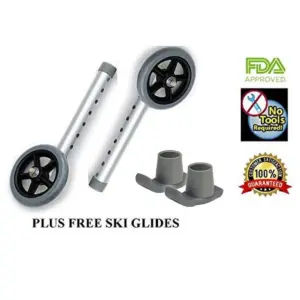 Walker 5 Inch Wheels & Walker Glides by Healthline | Universal Healthline | Lumex | Drive Medical Walker Wheels Replacement Parts | Walker Ski Glides & 5 Inch Walker Wheels for Walkers Seniors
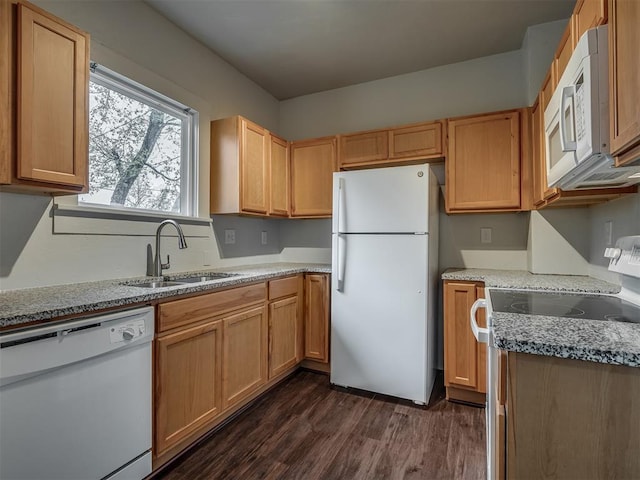 kitchen featuring light stone countertops, dark hardwood / wood-style flooring, white appliances, and sink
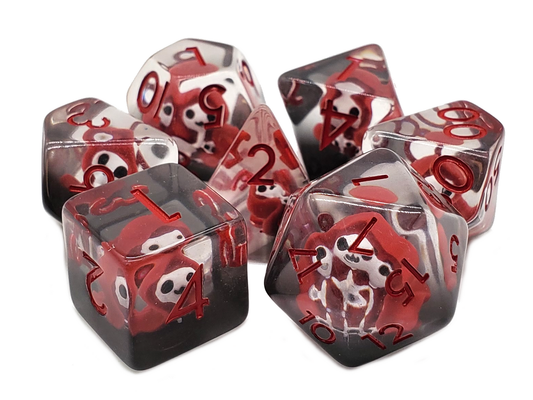 Old School 7 Piece DnD RPG Dice Set Infused Ghost Red - State of Comics
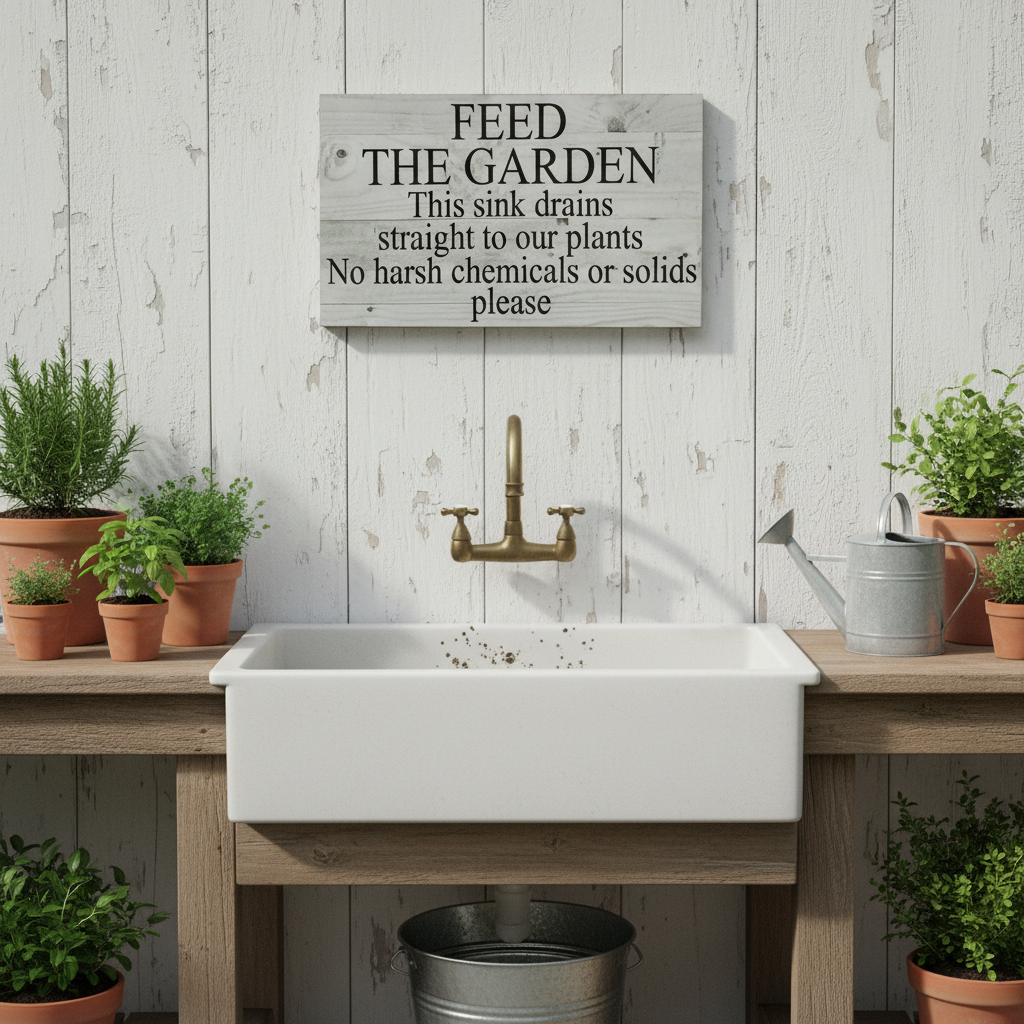 Feed the Garden | Outdoor Sink Drains to Garden No Chemicals Sign | Acrylic | Aussie Made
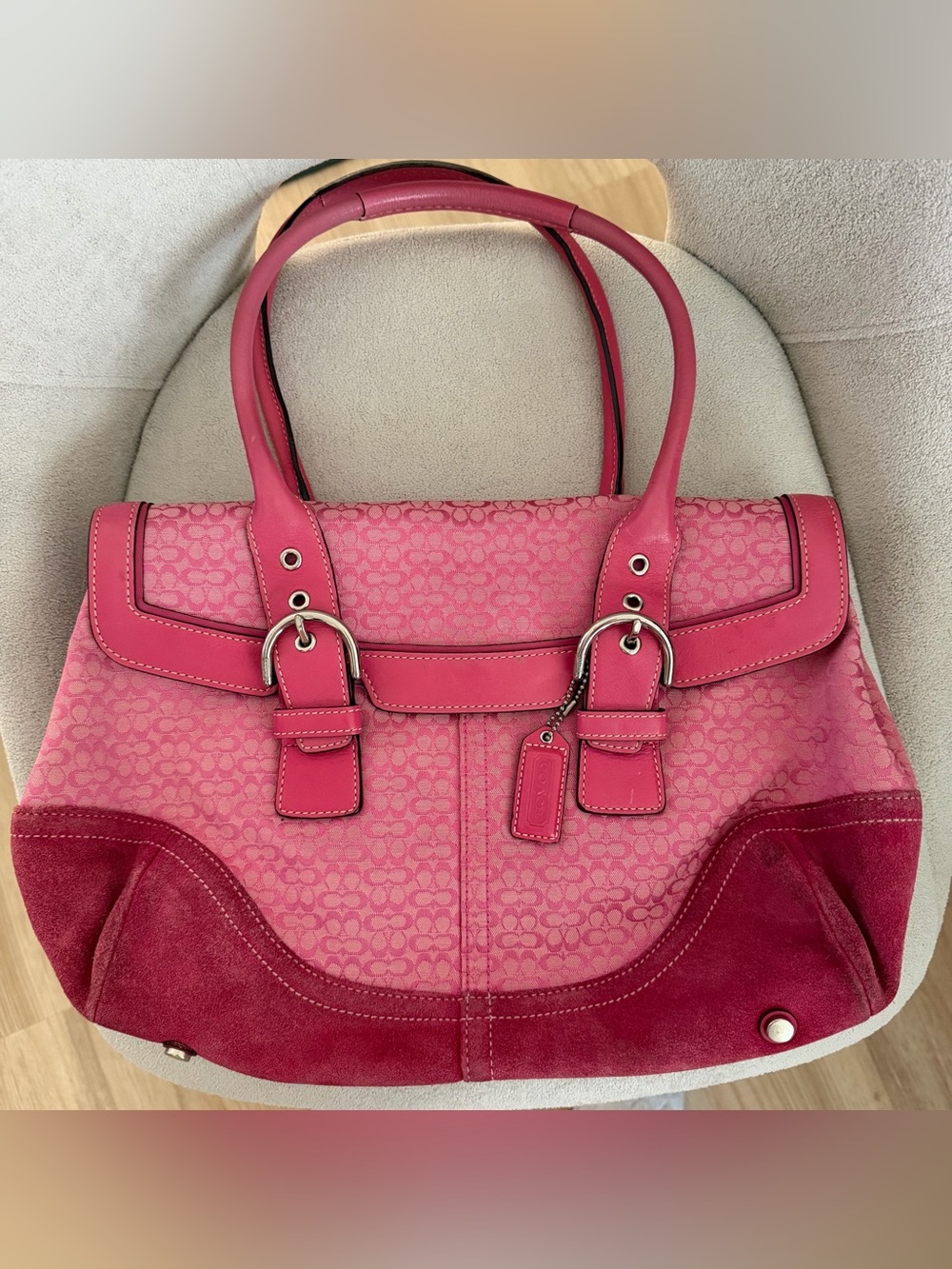 πRare Vintage Coach Pink Signature Tote/Shoulder Bag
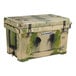 A green and black CaterGator outdoor cooler with camouflage paint.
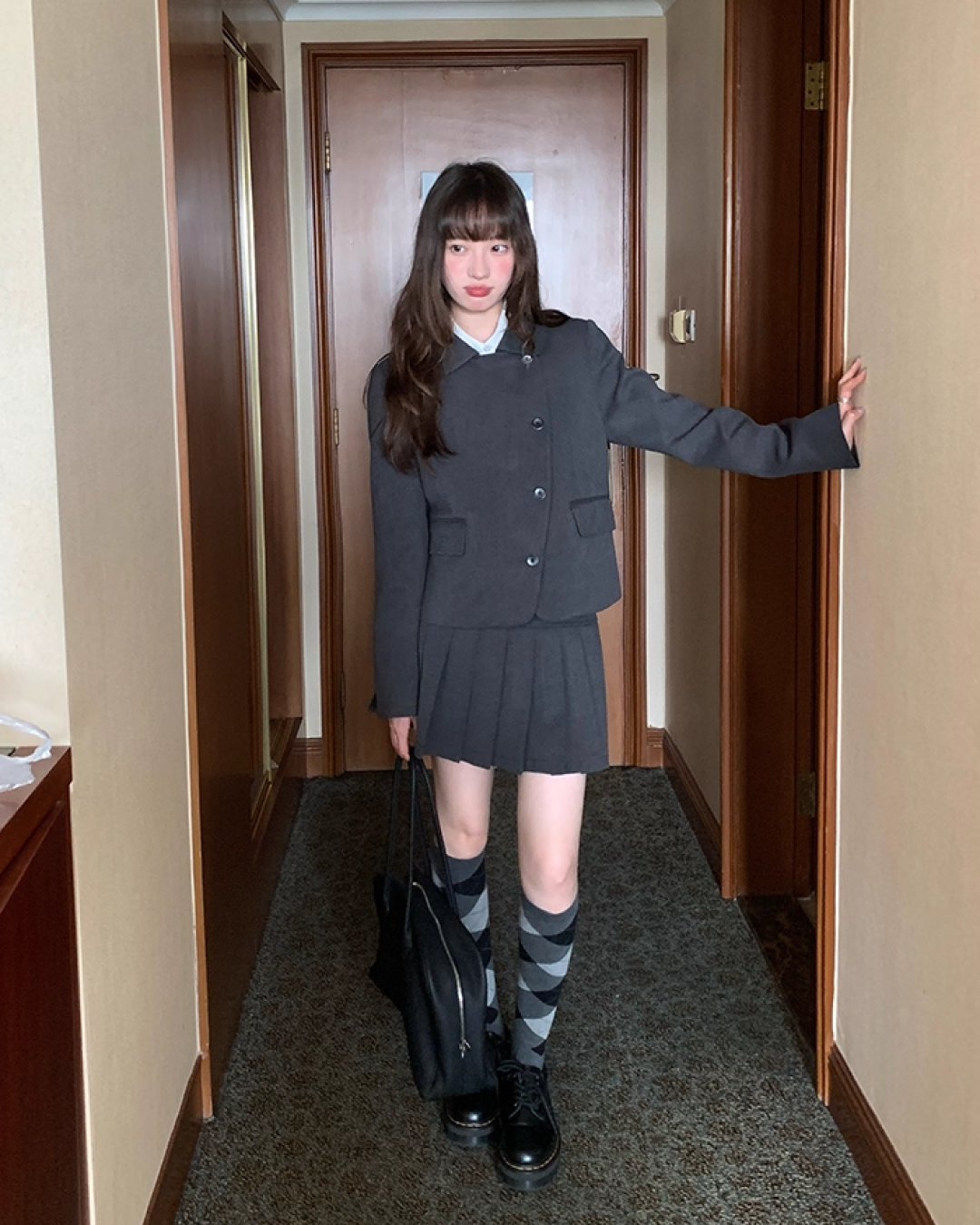 Gray Accent Line Botton Jacket BU0018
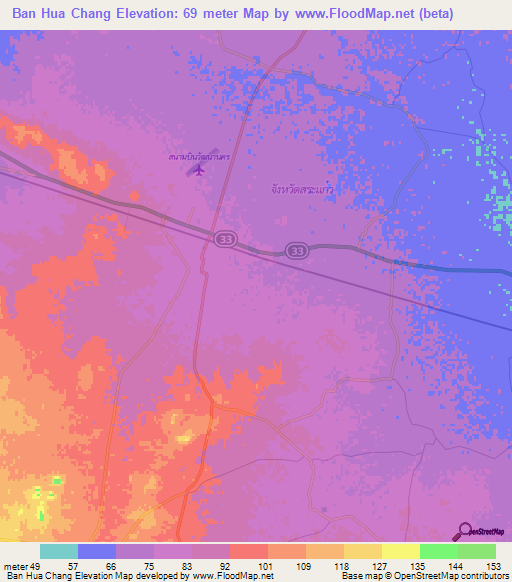 Ban Hua Chang,Thailand Elevation Map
# # #
◆ ACTIVITY ◆
Only the pictures stay behind; everything else in the data above is to be retyped exactly.

◆ OUTPUT BELOW ◆
 Walker 5 Inch Wheels & Walker Glides by Healthline | Universal Healthline | Lumex | Drive Medical Walker Wheels Replacement Parts | Walker Ski Glides & 5 Inch Walker Wheels for Walkers Seniors
 kitchen featuring light stone countertops, dark hardwood / wood-style flooring, white appliances, and sink
 Old School 7 Piece DnD RPG Dice Set Infused Ghost Red - State of Comics
 Feed the Garden | Outdoor Sink Drains to Garden No Chemicals Sign | Acrylic | Aussie Made
 πRare Vintage Coach Pink Signature Tote/Shoulder Bag
 A green and black CaterGator outdoor cooler with camouflage paint.
 Gray Accent Line Botton Jacket BU0018
 Ban Hua Chang,Thailand Elevation Map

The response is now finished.